■ Goal of the exercise ■
The lines below, from the one containing "Poppik Edukativni poster" through the one containing "mZ140a [未開封] ねんどろいど ツイステ 1770 トレイ・クローバー 特典", should be set down exactly, with no pictures and nothing else.

■ Information given ■
=== Section Start ===

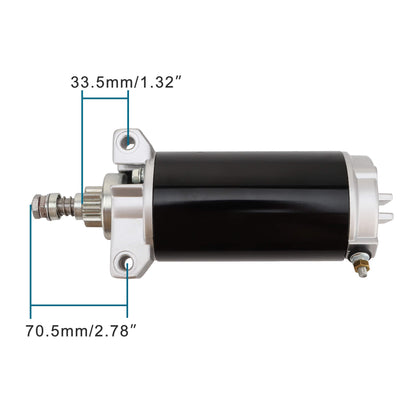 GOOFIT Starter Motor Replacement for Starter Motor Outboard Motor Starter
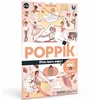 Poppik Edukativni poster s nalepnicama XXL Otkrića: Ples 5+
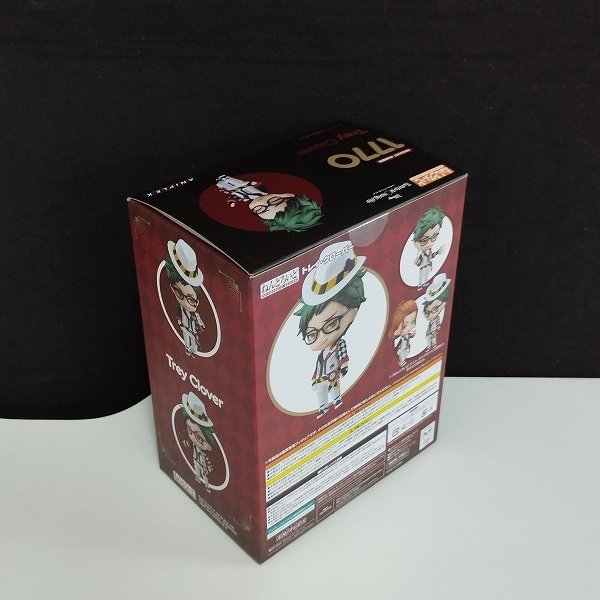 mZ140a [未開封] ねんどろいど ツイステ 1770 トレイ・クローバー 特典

=== Section End ===
=== Section Start ===

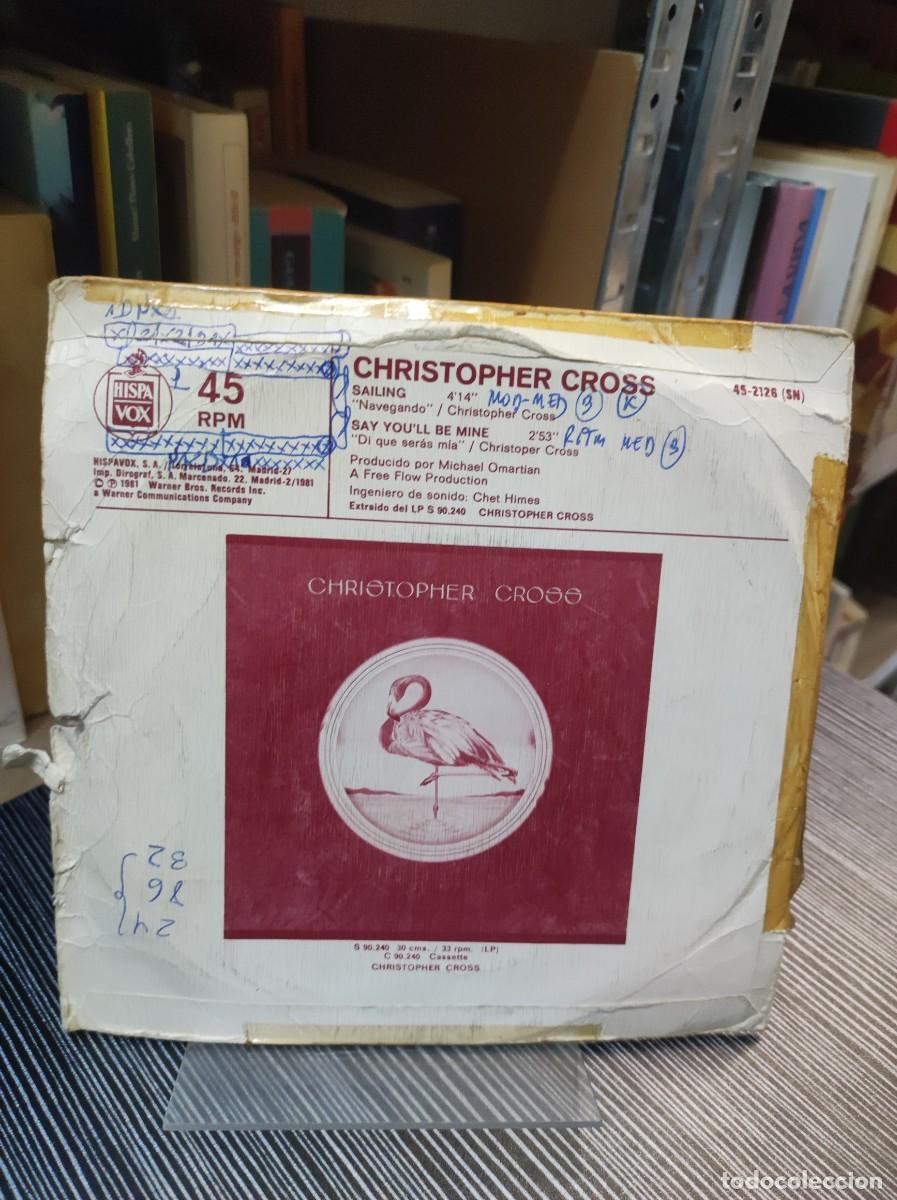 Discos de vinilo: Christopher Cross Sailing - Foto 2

=== Section End ===
=== Section Start ===

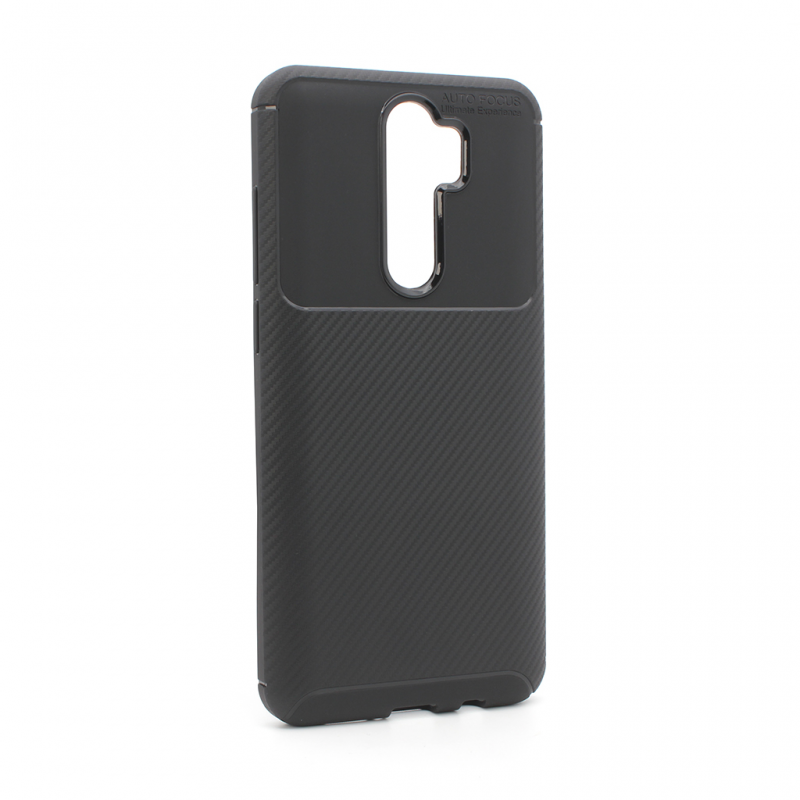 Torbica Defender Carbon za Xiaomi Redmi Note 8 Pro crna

=== Section End ===

■ Written solution ■
 Poppik Edukativni poster s nalepnicama XXL Otkrića: Ples 5+
 mZ140a [未開封] ねんどろいど ツイステ 1770 トレイ・クローバー 特典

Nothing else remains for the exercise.